Tim Eves, executive vice president of development, said the company is still exploring who will be its customer base.
Middletown Mayor Lawrence Mulligan, Jr., compared the project and its financial impact to the region to Suncoke, a cokemaking and heat generating plant that opened in 2011 in Middletown.
“This is a very significant development,” Mulligan said. “It’s very exciting.”
Mulligan said he heard about the project possibly coming to Middletown last month and met with company officials last week. He said negotiations went “pretty quickly.” The mayor said Middletown’s “strategic location” was one of the attributes that attracted the company.
The Middletown Energy Center has begun permit applications and entered the PJM interconnection queue, the regional transmission organization, officials said. The project is expected to begin construction in 2015 and become operational in 2018, they said.
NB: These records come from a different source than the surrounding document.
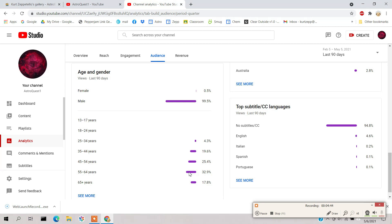And here's the 55 to 64 year old, and this is where I am now as of this year. I just joined the 55 year old crowd.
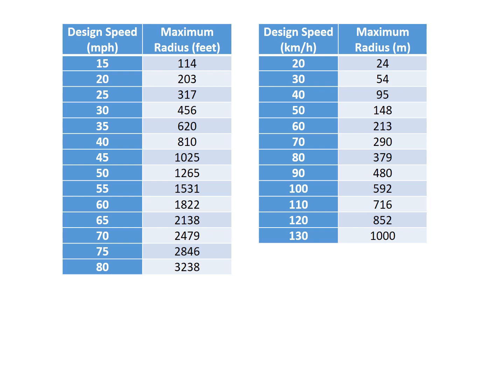So for instance, if you're looking at a road with a design speed of 60 miles per hour, we see that the maximum radius listed is 1822 feet. So any radius that's larger than 1822 feet does not need or is not going to benefit substantially from a spiral transition. Any curve with a radius that's smaller than that value or equal to 1822 is going to derive a benefit from that spiral transition.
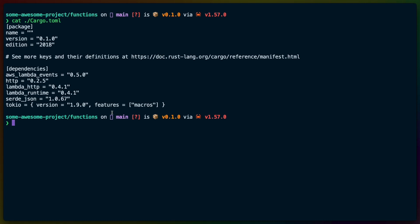That's how you create a cargo generate template and how you use template variables. This is now available for you to use — link in the description with the code if you want to try this out. Let me know how it goes, and I'll catch you in the next Let's Code.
The bulk of the 300 to 400 construction jobs are expected to be filled by the members of skilled trades unions, the company said. Upon completion, the project is slated to add approximately 25 to 30 full-time jobs to the Middletown area, most of which are expected to come from the local workforce.
As the energy landscape continues to change, the need for affordable, cleaner base load generation is now, said Seth Shortlidge, president of NTE Energy. He said the company looks forward to working with the Middletown community in developing “one of the cleanest, most efficient, and most reliable sources to fulfill this growing demand.”
The center will utilize a Mitsubishi Power Systems Americas advanced combustion turbine in combined cycle configuration. This design captures exhaust heat from the combustion turbine and utilizes it in a steam cycle, allowing the facility to generate approximately 500 MW of low-cost electric power. This next generation electric generating technology, fueled by clean burning natural gas, allows for greater operating efficiencies and results in up to 60 percent less emissions than that of older, more conventional sources of base load power, officials said.
NTE Energy is developing three projects located in Middletown, West Texas and North Carolina and pursuing early-stage opportunities in several other locations, officials said.